Skincare AI - Skin Disease Detection Platform
Built an intelligent web platform that leverages computer vision and deep learning to help users identify potential skin conditions through image analysis. Developed with Next.js for a responsive frontend and Python-based Convolutional Neural Network (CNN) architecture for the backend, the platform allows users to upload skin images and receive instant AI-powered disease detection results. The system processes images through a trained CNN model that classifies various skin conditions with high accuracy, providing users with detailed insights about potential dermatological issues. The application features an intuitive user interface that guides users through the upload process, displays results with confidence scores, and offers educational information about identified conditions to promote skin health awareness.
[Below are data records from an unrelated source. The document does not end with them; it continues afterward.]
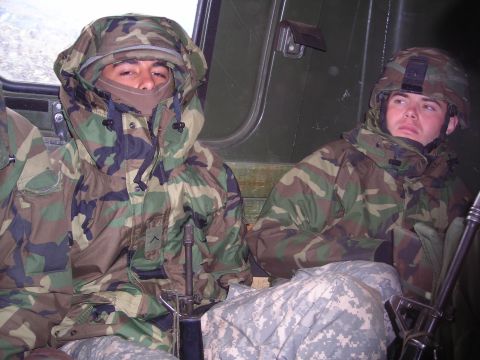 2003 Jeep TJ - Soldiers in camouflage gear are seated inside a military vehicle, appearing to be on duty.
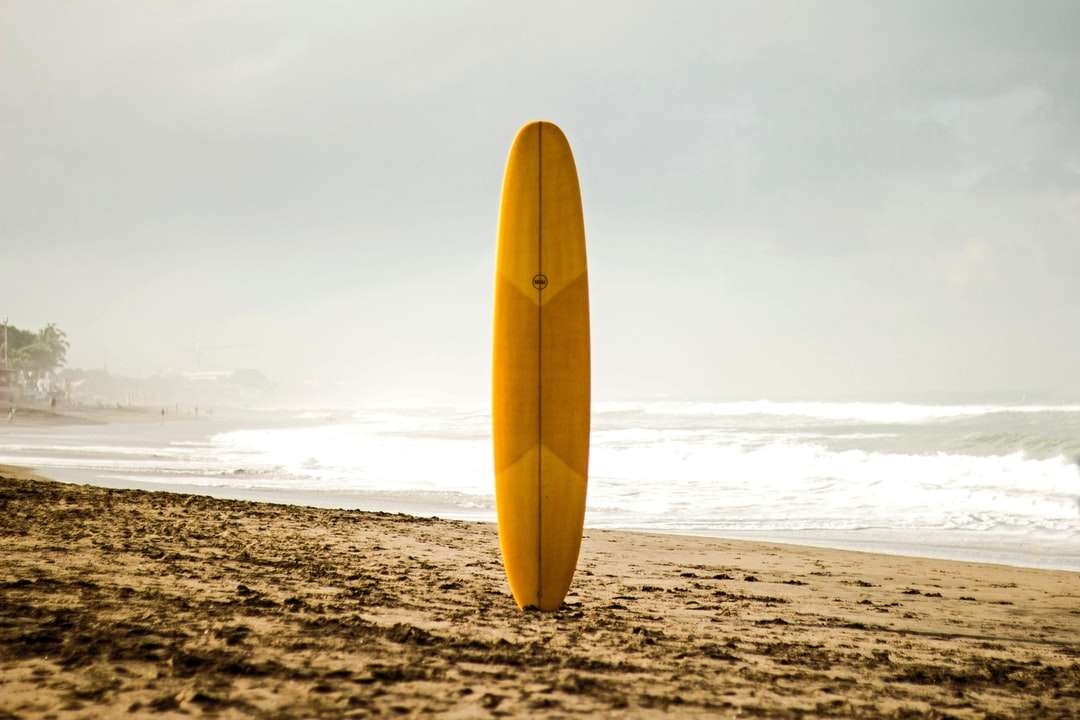 żółta deska surfingowa na plaży w ciągu dnia puzzle online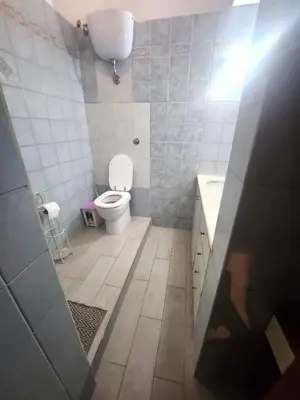 a bathroom with a toilet and a sink at Sepulveda in Rome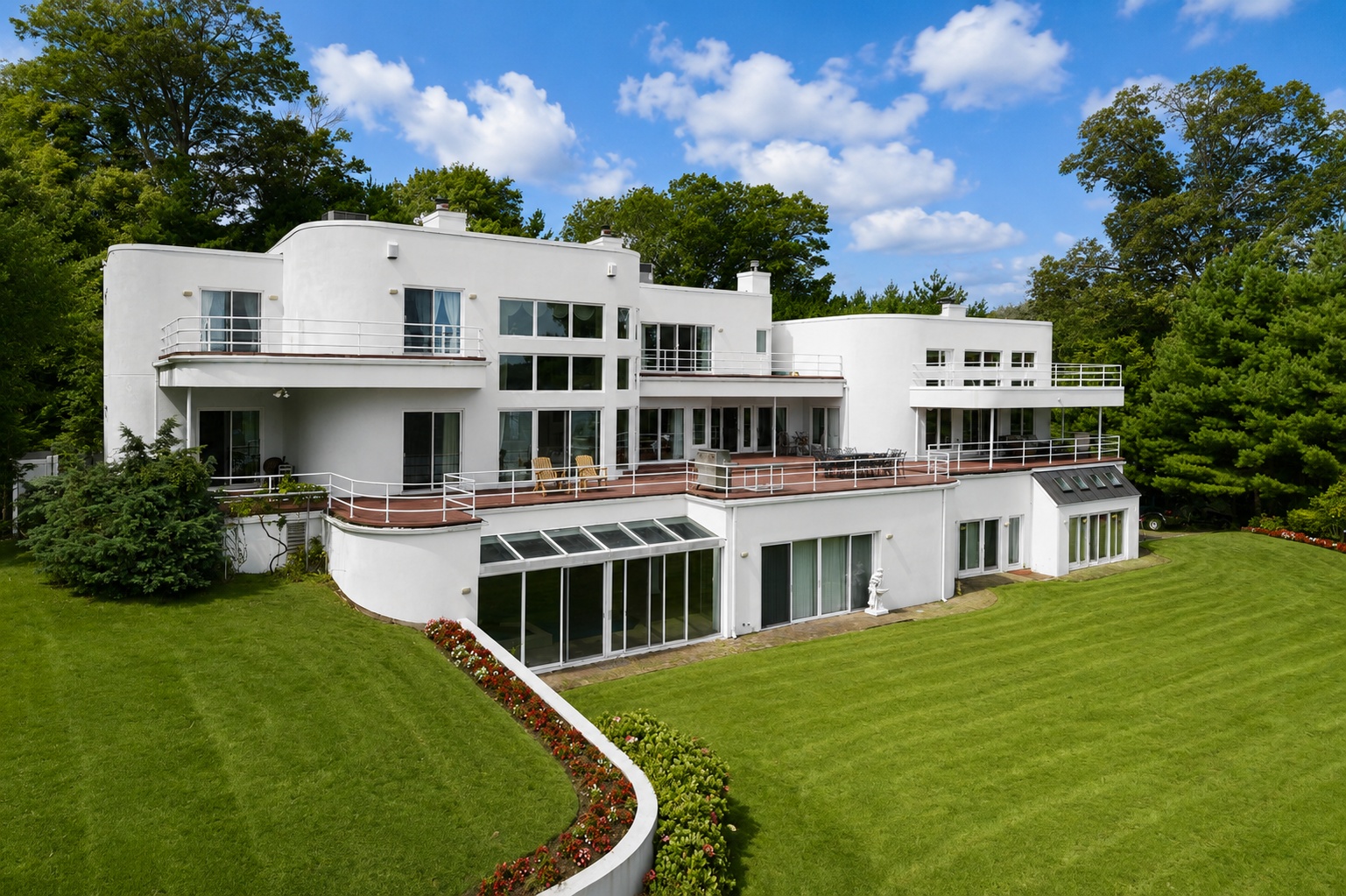 This striking multi-level residence features a distinct Art Deco-influenced curved architectural style with a pristine white exterior. The property boasts an expansive elevated deck, large glass sliding doors, and a greenhouse-style sunroom, all overlooking a beautifully manicured lawn and lush surrounding greenery. Its unique design creates an impressive, airy aesthetic that seamlessly integrates indoor and outdoor living spaces.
The technical implementation combines modern web technologies with robust machine learning infrastructure to ensure scalability and accuracy. The Next.js frontend handles image uploads and real-time result visualization, while the Python backend processes images through a sophisticated CNN model optimized for dermatological classification. The architecture includes proper image preprocessing, model inference optimization, and API integration between the frontend and backend services to deliver fast, reliable predictions. Security and privacy are prioritized through secure image handling and user data protection, ensuring sensitive medical information remains confidential. This project demonstrates full-stack development capabilities, from creating an engaging user experience to implementing production-grade machine learning solutions for healthcare applications.